米国ハイイールド債券ファンドは、通貨別に5つのコースが設定されています。ただし、本質的な部分は変わりませんので、下記のいずれのコースについても、本ページをお読みいただければ分かると思います。

・米国ハイイールド債券ファンド・米ドルコース
・米国ハイイールド債券ファンド・円コース
・米国ハイイールド債券ファンド・ランドコース
・米国ハイイールド債券ファンド・豪ドルコース
・米国ハイイールド債券ファンド・レアルコース


米国ハイイールド債券ファンド

  • 債券からの利金収入に対して分配金利回りが高すぎる
  • 基準価額の激しい下落が、過去のタコ足分配の痕跡を色濃く残す
  • ハイイールド債券に為替取引、素人には無用の投資対象である
  • 投資の運用能力を測定する指標が無く、投資判断ができない


 


ハイイールド債券と為替取引から利益を出すような投資信託は、素人向けではない


米国ハイイールド債券ファンドの投資対象は、米ドル建てのハイ・イールド債券です。

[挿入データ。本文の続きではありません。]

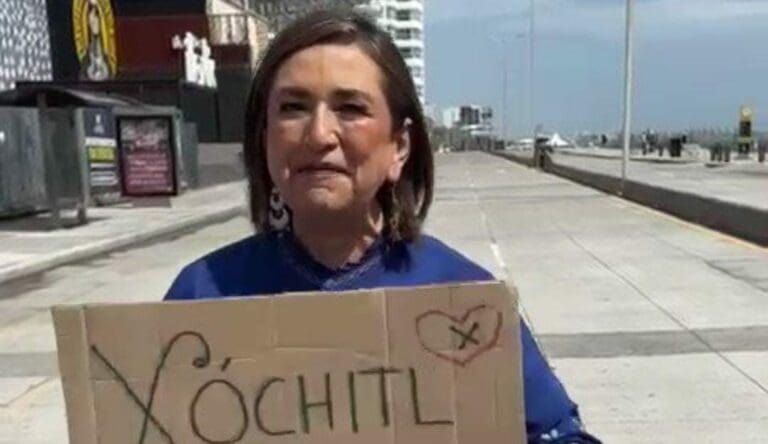 Xóchitl Gálvez se valió de un trozo de cartón para promocionarse. Y de paso criticó los espectaculares de la 4T.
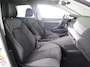 Volkswagen Golf 1.4 eHybrid Style 204 pk Automaat (DSG) | Navigatie | Panoramadak | Parkeersensoren | Adaptieve cruise control | Stoelverwarming |
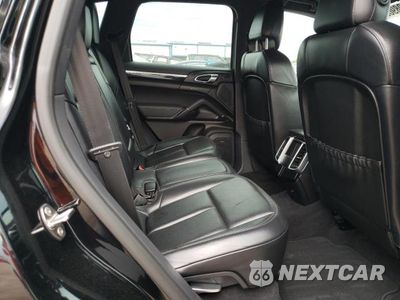 Zdjęcie 11 z 13 samochodu: 2014 PORSCHE CAYENNE S VIN:WP1AB2A24ELA57056 - miniatura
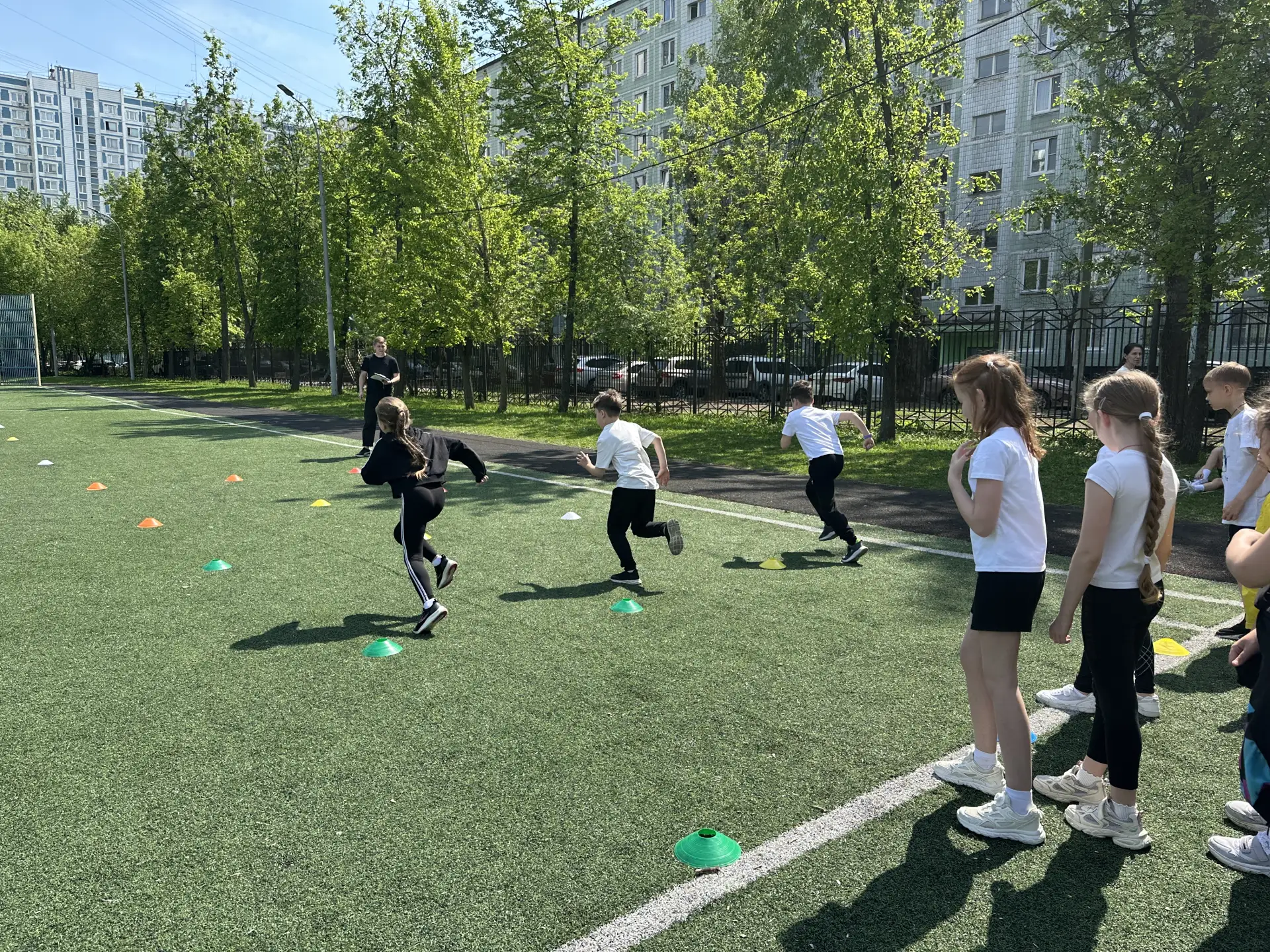 Пост-релиз  🏃 14 мая в рамках продолжающегося весеннего Фестиваля ГТО в нашей школе прошёл приём спо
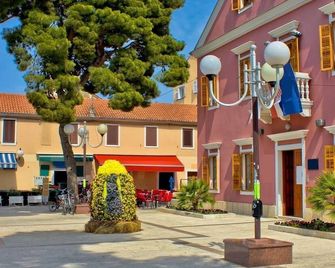 Apartments Perla - Biograd na Moru - Venkovní prostory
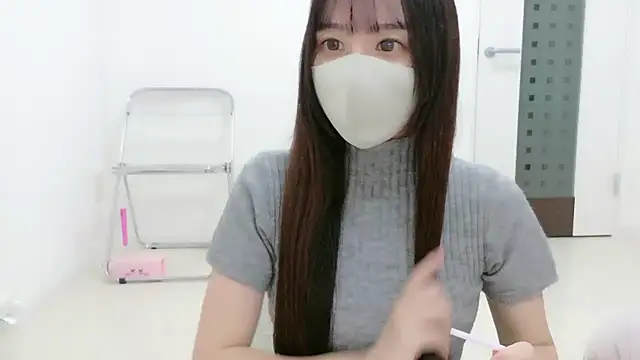  Mia land  online show from 11.30.25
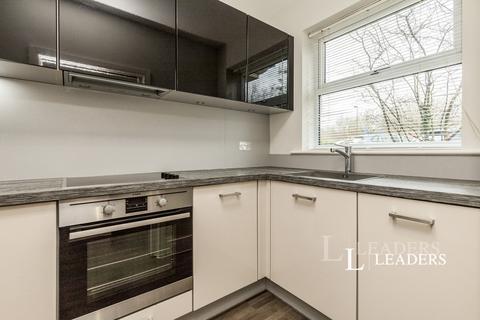 2 bedroom terraced house to rent, Scholars Walk, Horsham, West Sussex, RH12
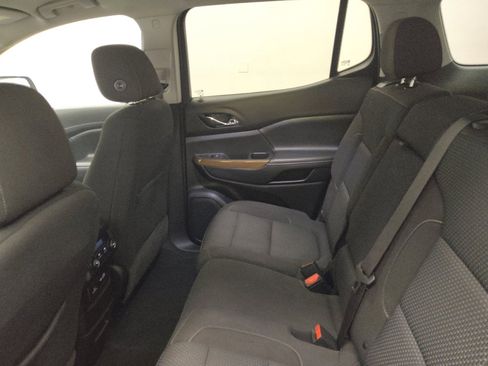 Used 2020 GMC Acadia SLE w/ Driver Convenience Package image 18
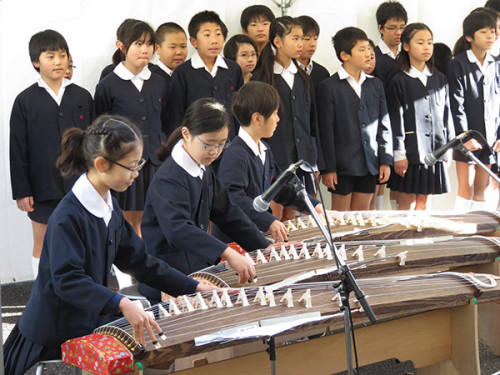 台东区立忍岡小学校学生在庆祝会上表演古筝
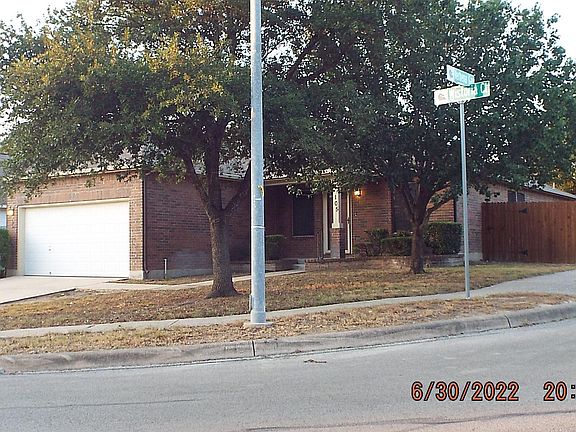 2nd image of 105 Wistoria Ct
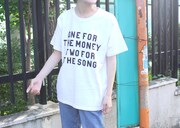 「バブリーサマー」Tシャツの着用イメージ。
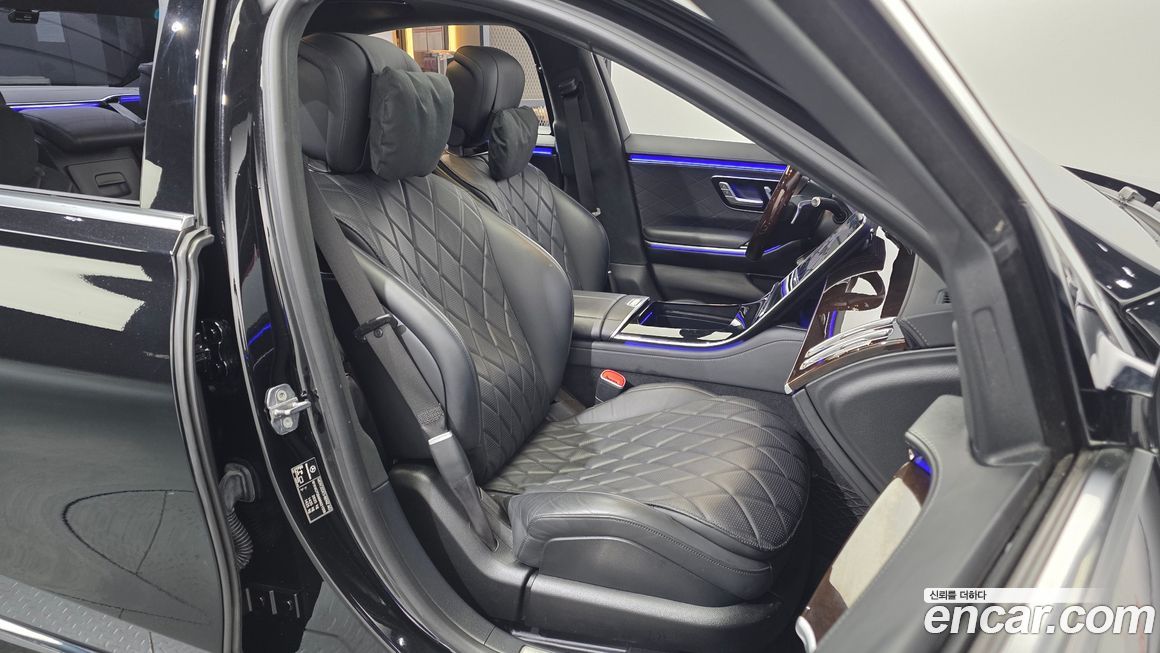 Mercedes-Benz S-Class 2021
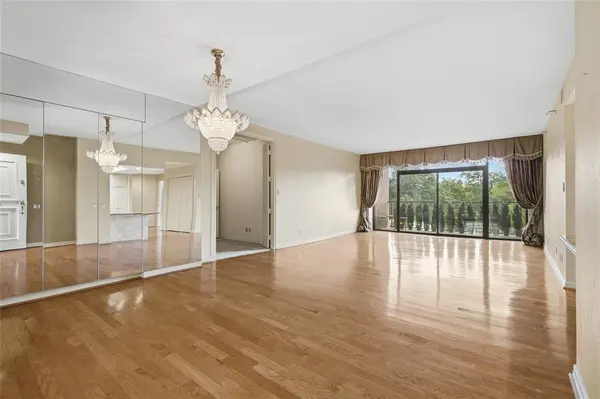 5200 Keller Springs Road #310, Dallas, TX 75248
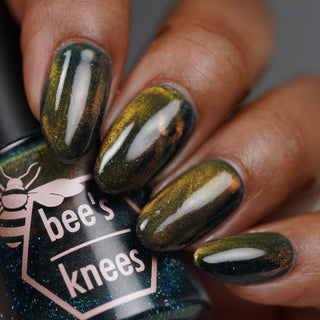 Image provided for Bee's Knees by a paid swatcher featuring the nail polish " Circle with Me "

そして、コース別(ランド・豪ドル・レアル)に為替取引を抱き合わせて余計なリスクを背負うような、複雑な投資信託です。

正直、問題が多すぎる投資信託だと管理人は感じました。まず債券投資以外に、為替取引を行っている点がとても問題です。価格変動などの要因分析ができず、実態が分かりにくくなるからです。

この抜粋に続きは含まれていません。